→ About this task:
Images are to be excluded, and the rest of the data repeated exactly.
[Opening Provided material section]
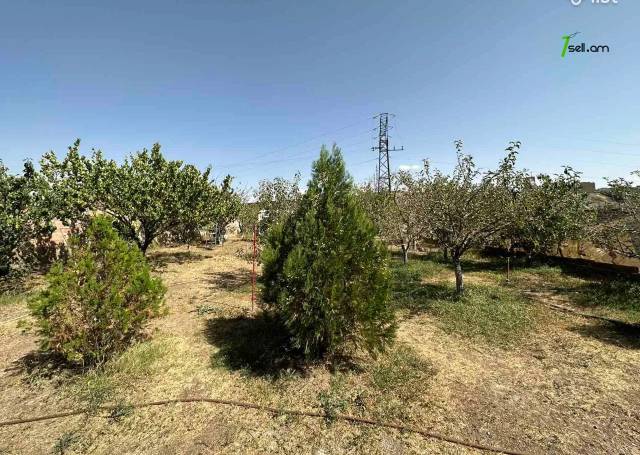 Երկու հարկանի քարե տուն 1-ին փողոցում Պտղնիում, 302 քմ, 2 սանհանգույց, մասնակի վերանորոգում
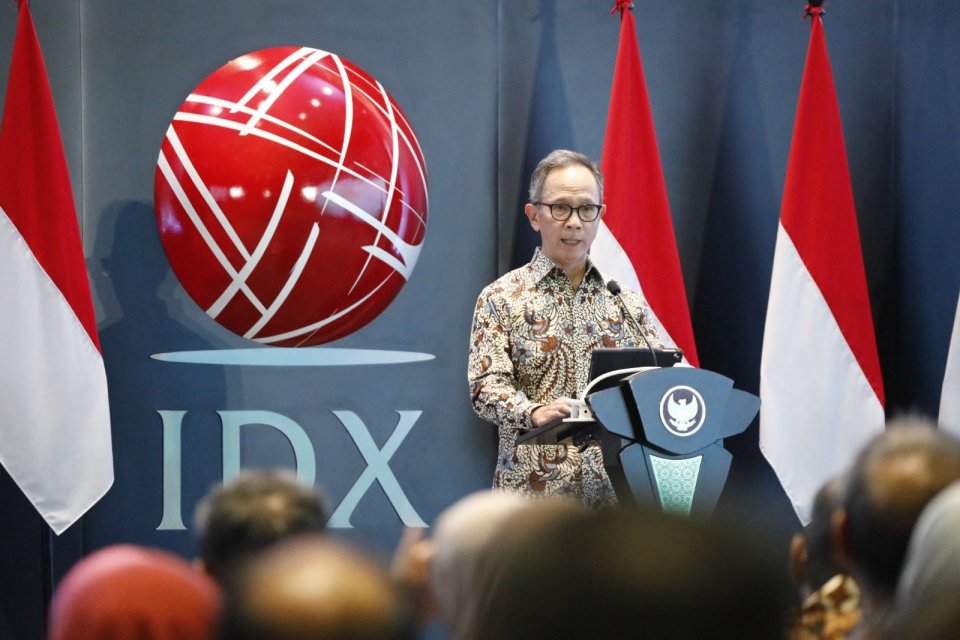 Ketua Dewan Komisioner Otoritas Jasa Keuangan (OJK) Mahendra Siregar menyampaikan pidato sambutannya pada pembukaan perdagangan saham di Bursa Efek Indonesia (BEI), pada Selasa (2/1).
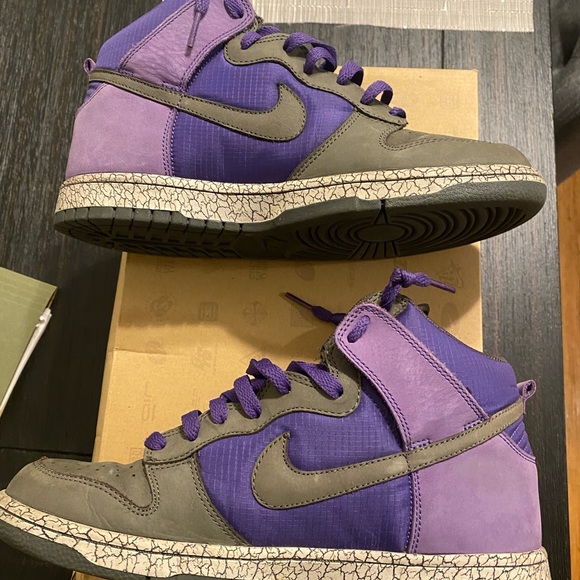 nike dunk earthquake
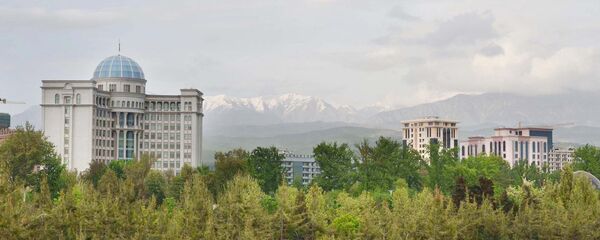 Обзор на город Душанбе. Здание на фоне гор - Sputnik Таджикистан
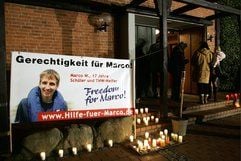 Bürger aus Uelzen gehen zu einem Dankesgottesdienst in die St. Petri Kirche. (Foto: ddp)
[Closing Provided material section]
→ Your response:
 Երկու հարկանի քարե տուն 1-ին փողոցում Պտղնիում, 302 քմ, 2 սանհանգույց, մասնակի վերանորոգում
 Ketua Dewan Komisioner Otoritas Jasa Keuangan (OJK) Mahendra Siregar menyampaikan pidato sambutannya pada pembukaan perdagangan saham di Bursa Efek Indonesia (BEI), pada Selasa (2/1).
 nike dunk earthquake
 Обзор на город Душанбе. Здание на фоне гор - Sputnik Таджикистан
 Bürger aus Uelzen gehen zu einem Dankesgottesdienst in die St. Petri Kirche. (Foto: ddp)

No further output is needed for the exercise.